On to some details of what Mike talked about (you probably need to read his piece for this to make sense):

He outlines three categories:

News/Direction: The information that tells people what to do and when. This flows mainly through formal internal communication and line management channels, and incorporates official definitions of the impacts of external news.
Opinion: This information is designed to influence the recipient and how he or she acts. It mainly comes informally from peers and colleagues but may also come from external stakeholders, or as embedded justification in official news and direction.

Knowledge: Knowledge is the information that tells an individual how to act effectively on the news and direction he/she receives. It is again generally found from peers and colleagues, though it can come as embedded instructions or can be harvested from databases and case studies.

First, it seems to me that "News" and "Direction" really deserve to be separate categories in a taxonomy. This resolves this issue about what employees like, because it's largely clear that "Direction" is the contentious category for employees and "News" is fairly welcome. (I must admit even this is not perfectly true, there are different personality types, some prefer to work independently, others prefer a greater degree of direction.)

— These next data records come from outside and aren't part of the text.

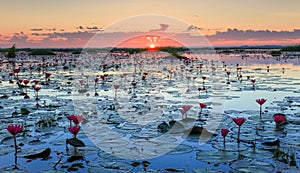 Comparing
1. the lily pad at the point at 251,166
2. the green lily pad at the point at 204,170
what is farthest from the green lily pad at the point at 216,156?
the green lily pad at the point at 204,170

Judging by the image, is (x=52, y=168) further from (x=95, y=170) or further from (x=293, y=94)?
(x=293, y=94)

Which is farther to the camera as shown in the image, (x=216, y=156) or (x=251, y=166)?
(x=216, y=156)

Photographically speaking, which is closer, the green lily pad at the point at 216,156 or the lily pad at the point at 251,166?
the lily pad at the point at 251,166

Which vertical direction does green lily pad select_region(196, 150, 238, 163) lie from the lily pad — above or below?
above

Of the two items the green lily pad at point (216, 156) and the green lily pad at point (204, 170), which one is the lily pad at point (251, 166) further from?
the green lily pad at point (204, 170)

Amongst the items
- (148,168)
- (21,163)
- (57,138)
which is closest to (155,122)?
(57,138)

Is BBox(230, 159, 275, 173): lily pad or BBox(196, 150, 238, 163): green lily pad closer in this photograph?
BBox(230, 159, 275, 173): lily pad

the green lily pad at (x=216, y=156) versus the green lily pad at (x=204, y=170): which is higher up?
the green lily pad at (x=216, y=156)

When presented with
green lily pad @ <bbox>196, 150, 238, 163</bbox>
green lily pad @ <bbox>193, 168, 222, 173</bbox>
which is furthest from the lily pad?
green lily pad @ <bbox>193, 168, 222, 173</bbox>

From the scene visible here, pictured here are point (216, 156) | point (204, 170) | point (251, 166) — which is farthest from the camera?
point (216, 156)

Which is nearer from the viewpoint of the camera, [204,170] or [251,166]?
[204,170]

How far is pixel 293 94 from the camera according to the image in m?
11.5

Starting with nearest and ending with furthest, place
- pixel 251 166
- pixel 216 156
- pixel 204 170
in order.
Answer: pixel 204 170 → pixel 251 166 → pixel 216 156

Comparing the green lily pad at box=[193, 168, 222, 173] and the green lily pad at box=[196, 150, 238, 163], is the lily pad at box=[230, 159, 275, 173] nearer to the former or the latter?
the green lily pad at box=[196, 150, 238, 163] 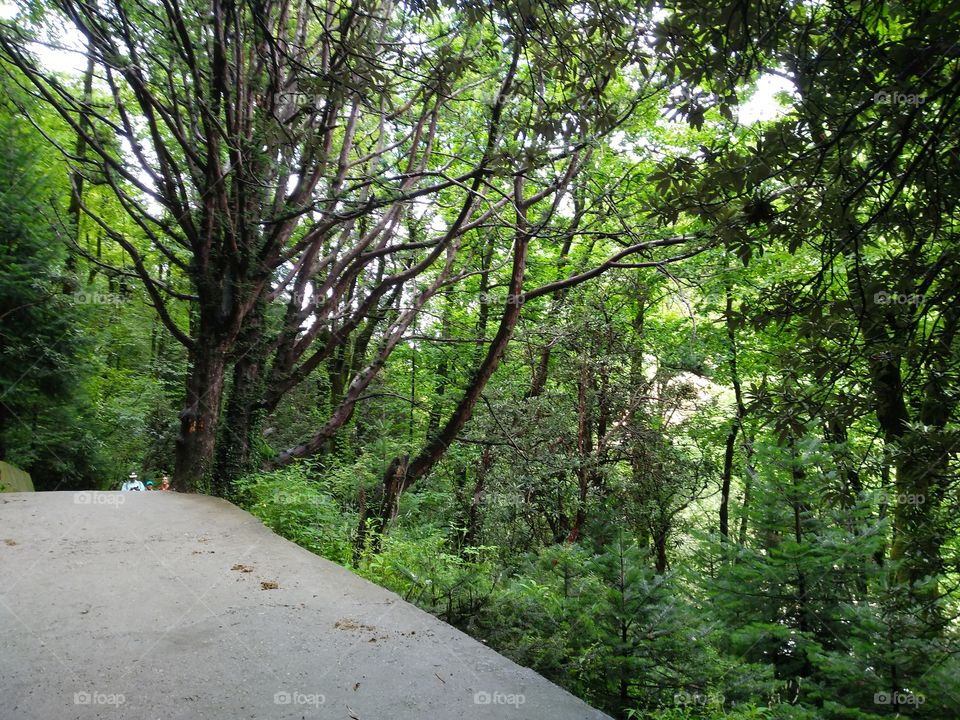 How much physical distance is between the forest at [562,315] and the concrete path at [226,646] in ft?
3.64

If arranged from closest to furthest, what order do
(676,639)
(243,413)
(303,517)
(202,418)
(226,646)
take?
(226,646) → (676,639) → (303,517) → (202,418) → (243,413)

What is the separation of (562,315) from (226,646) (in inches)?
398

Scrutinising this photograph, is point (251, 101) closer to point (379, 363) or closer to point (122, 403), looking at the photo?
point (379, 363)

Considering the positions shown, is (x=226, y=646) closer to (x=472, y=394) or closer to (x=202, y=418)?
(x=472, y=394)

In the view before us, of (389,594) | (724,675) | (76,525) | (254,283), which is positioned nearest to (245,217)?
→ (254,283)

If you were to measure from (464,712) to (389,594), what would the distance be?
1943mm

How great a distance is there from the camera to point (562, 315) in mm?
12609

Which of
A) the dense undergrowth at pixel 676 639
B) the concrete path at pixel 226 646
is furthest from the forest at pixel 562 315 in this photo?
the concrete path at pixel 226 646

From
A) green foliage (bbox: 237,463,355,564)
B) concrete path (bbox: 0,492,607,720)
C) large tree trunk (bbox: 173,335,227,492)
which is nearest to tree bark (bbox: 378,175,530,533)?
green foliage (bbox: 237,463,355,564)

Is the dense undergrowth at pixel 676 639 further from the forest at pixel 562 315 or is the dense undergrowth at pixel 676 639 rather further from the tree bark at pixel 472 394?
the tree bark at pixel 472 394

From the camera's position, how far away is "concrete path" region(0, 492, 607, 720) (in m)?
2.75

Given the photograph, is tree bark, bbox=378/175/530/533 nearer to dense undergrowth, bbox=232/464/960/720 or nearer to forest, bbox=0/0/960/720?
forest, bbox=0/0/960/720

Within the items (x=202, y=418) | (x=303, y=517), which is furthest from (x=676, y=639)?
(x=202, y=418)

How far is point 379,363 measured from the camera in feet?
37.7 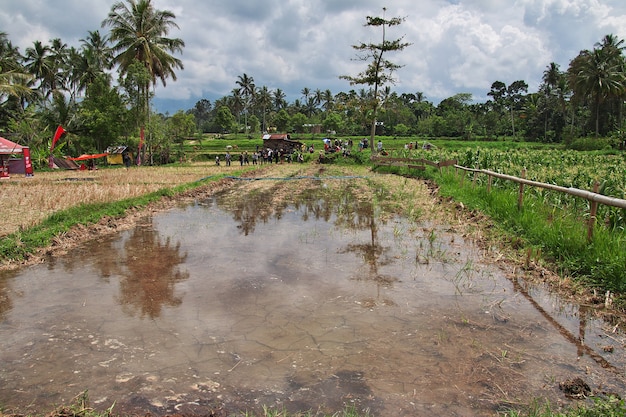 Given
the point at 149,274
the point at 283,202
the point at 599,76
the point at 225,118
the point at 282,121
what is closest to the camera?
the point at 149,274

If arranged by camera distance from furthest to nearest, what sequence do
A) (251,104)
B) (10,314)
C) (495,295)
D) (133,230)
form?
(251,104)
(133,230)
(495,295)
(10,314)

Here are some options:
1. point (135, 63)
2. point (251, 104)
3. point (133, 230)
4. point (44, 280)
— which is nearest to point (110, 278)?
point (44, 280)

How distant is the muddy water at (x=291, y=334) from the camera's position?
10.0 feet

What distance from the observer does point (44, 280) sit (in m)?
5.63

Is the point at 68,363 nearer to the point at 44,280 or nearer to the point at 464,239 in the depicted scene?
the point at 44,280

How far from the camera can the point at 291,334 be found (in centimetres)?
399

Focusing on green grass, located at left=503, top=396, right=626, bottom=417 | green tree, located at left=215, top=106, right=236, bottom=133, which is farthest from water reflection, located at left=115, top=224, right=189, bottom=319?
green tree, located at left=215, top=106, right=236, bottom=133

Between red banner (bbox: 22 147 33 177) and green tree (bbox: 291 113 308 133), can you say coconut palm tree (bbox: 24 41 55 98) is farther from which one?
green tree (bbox: 291 113 308 133)

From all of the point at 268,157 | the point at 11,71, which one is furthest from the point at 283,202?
the point at 268,157

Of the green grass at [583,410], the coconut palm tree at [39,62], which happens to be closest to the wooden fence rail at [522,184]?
the green grass at [583,410]

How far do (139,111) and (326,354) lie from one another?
3302 centimetres

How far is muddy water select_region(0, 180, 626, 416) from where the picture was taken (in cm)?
Answer: 306

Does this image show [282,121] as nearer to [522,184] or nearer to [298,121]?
[298,121]

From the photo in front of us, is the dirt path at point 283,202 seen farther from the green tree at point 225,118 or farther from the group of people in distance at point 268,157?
the green tree at point 225,118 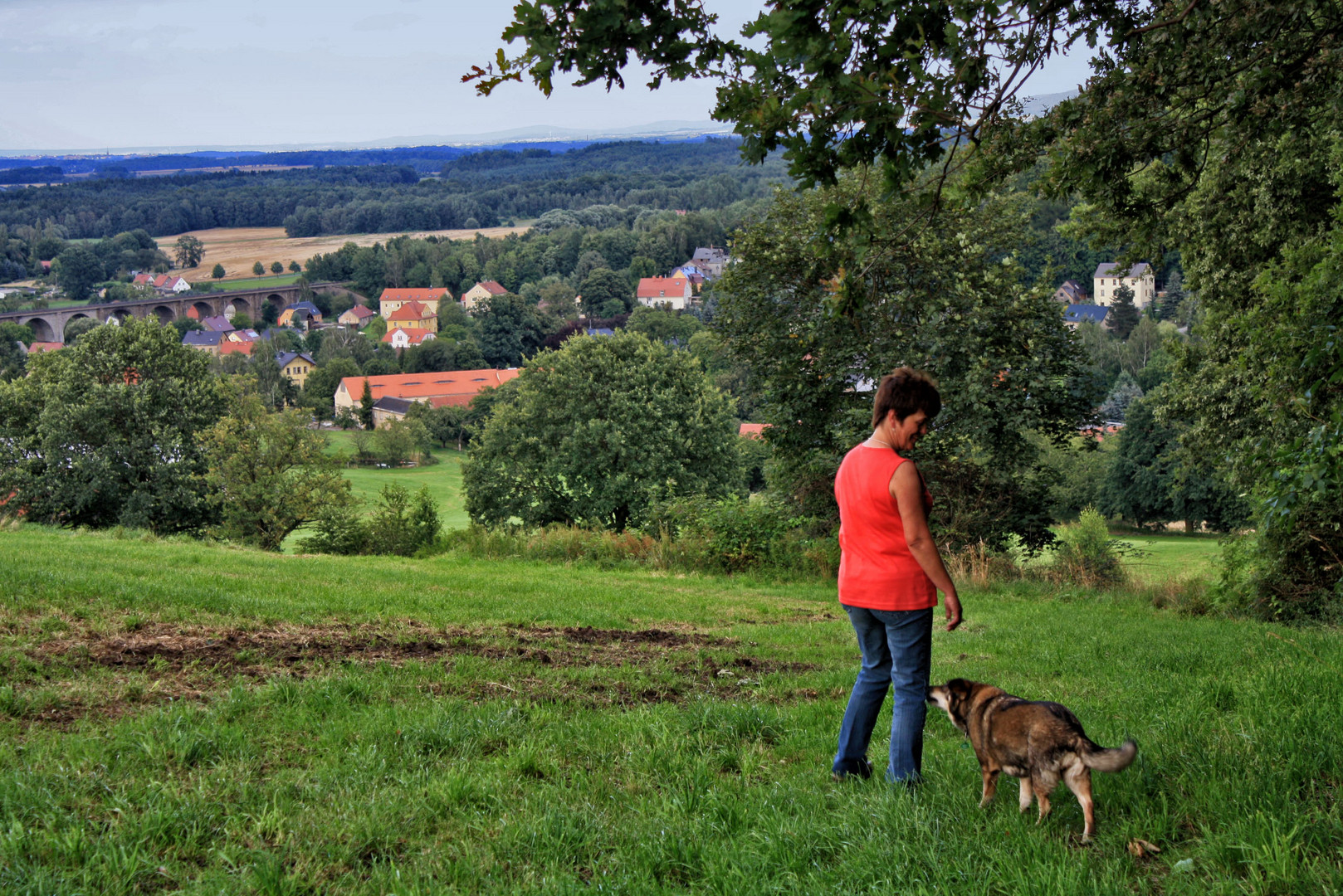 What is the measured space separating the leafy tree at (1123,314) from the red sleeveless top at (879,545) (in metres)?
117

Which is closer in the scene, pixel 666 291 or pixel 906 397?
pixel 906 397

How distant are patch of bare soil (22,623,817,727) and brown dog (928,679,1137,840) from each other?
246 centimetres

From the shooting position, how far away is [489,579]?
12508 mm

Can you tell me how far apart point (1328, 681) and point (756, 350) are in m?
13.7

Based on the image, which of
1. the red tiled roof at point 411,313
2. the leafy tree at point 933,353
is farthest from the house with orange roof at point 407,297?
the leafy tree at point 933,353

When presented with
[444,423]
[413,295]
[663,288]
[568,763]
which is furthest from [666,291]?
[568,763]

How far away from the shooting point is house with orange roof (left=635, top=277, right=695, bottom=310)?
16988 cm

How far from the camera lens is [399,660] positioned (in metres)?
6.46

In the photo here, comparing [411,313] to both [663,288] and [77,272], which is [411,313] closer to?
[663,288]

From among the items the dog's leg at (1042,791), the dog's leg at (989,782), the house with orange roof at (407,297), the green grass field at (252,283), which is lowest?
the house with orange roof at (407,297)

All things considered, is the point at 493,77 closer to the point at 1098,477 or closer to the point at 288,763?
the point at 288,763

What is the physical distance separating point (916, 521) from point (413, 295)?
7391 inches

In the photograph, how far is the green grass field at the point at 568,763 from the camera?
10.1ft

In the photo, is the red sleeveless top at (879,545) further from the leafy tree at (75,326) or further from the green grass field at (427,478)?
the leafy tree at (75,326) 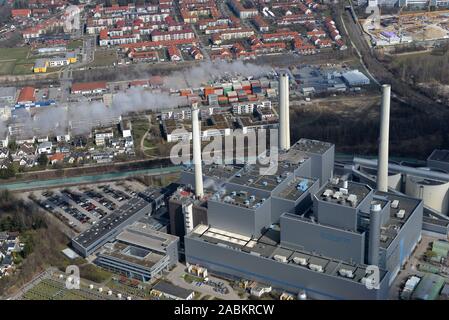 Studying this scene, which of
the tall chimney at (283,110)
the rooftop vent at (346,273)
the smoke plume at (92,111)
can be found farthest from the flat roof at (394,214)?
the smoke plume at (92,111)

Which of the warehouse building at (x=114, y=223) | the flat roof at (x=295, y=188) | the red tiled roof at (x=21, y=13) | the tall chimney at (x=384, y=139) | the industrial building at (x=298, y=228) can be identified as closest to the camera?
the industrial building at (x=298, y=228)

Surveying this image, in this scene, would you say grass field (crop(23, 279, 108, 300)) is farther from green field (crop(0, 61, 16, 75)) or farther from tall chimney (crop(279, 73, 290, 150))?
green field (crop(0, 61, 16, 75))

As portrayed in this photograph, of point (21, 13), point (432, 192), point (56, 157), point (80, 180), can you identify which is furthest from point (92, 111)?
point (21, 13)

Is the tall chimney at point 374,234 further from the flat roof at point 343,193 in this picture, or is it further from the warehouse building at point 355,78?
the warehouse building at point 355,78

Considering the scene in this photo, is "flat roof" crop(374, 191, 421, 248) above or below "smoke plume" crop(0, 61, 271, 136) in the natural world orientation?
below

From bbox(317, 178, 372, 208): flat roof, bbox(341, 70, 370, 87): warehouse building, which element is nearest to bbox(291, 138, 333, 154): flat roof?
bbox(317, 178, 372, 208): flat roof

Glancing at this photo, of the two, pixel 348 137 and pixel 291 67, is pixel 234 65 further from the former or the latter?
pixel 348 137
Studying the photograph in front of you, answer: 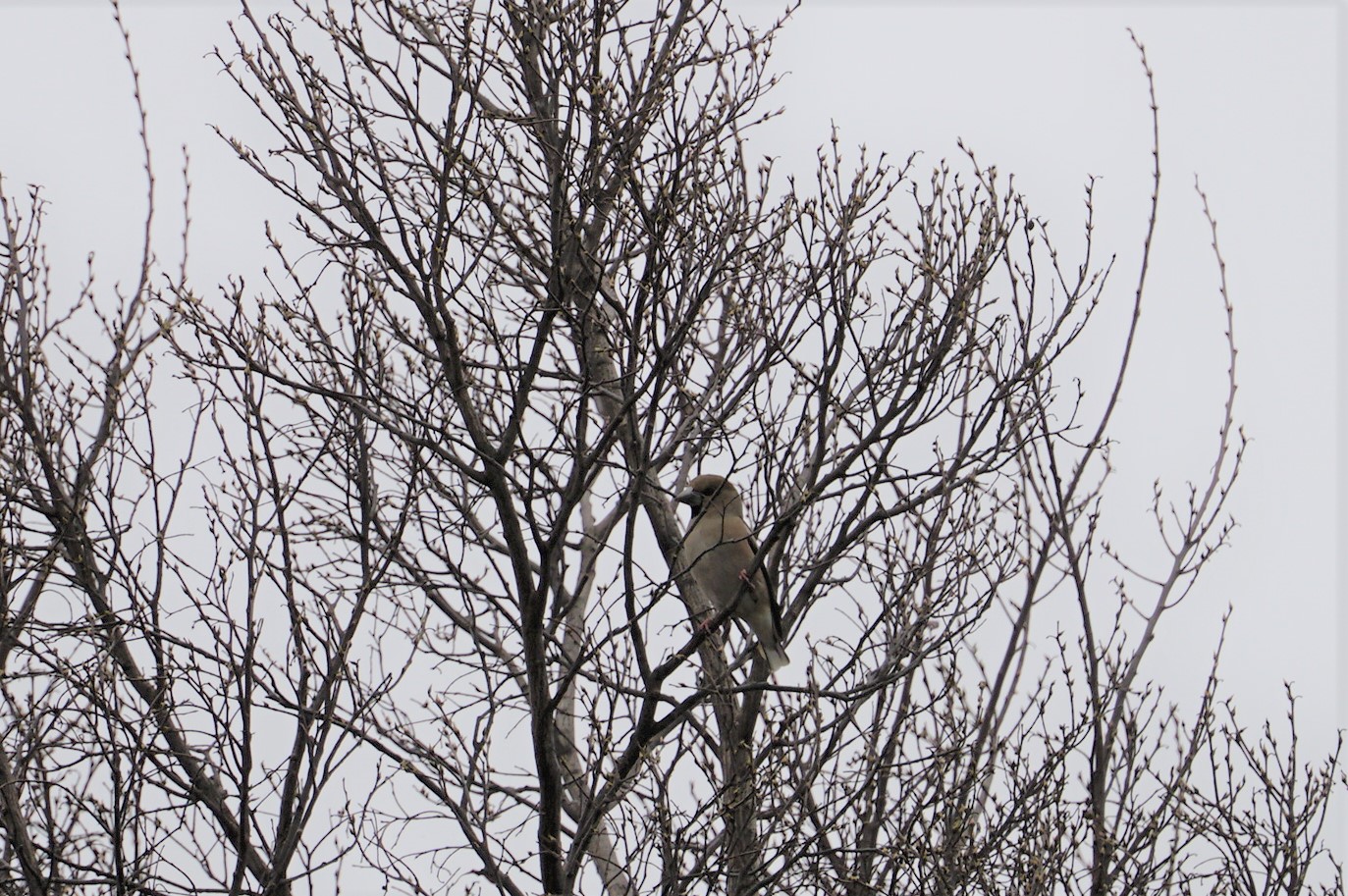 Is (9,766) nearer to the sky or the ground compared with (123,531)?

Mike asserts that his three categories of "News/Direction, Opinion, and Knowledge" often flow together, through the same channels and as part of the same acts of communication. And again, I have to say, he's dead on. As soon as you get down into the nitty-gritty of how communication occurs (as I do in my work looking at "cultural blockages" on communication) it's very clear that any communication pipelines that exist or are set up are used for all three purposes. Those that are not frequently find themselves neglected in employees day to day priorities.

This becomes all the more important as new technologies arise which have more "bandwidth" and allow more room for informal communication to exist. Social media is the "example du jour" of this, but I'd suggest that we can learn a lot from the way email has developed in organisation too.

I like Mike's approach a lot and I'd urge everyone to give it some thought.

 

2 comments:

Anonymous said...

Thanks much for this, Indy...

I purposely included news and direction in the same stream not because they are the same thing, but because the most often contained the stamp of officiality to them. Of course, news in reality comes from multiple sources and can influence all three areas (news/direction, opinion, and knowledge), but officiality is what's duly distinct from unofficial opinion and tacit knowledge...

Happy to discuss further.

Mike

Anonymous said...

Indy, I posted on Mike's blog as well. I've almost taken it for granted that there are connections between IC, engagement and KM. I keep coming back to the way organisations manage and structure themselves... a world where the head of KM "owns" knowledge management, the head of IC "owns" internal communication, the head of HR "owns" the people development agenda, and the head of marketing "owns" the brand.

How stupid is that, yet how many organisations do it that way?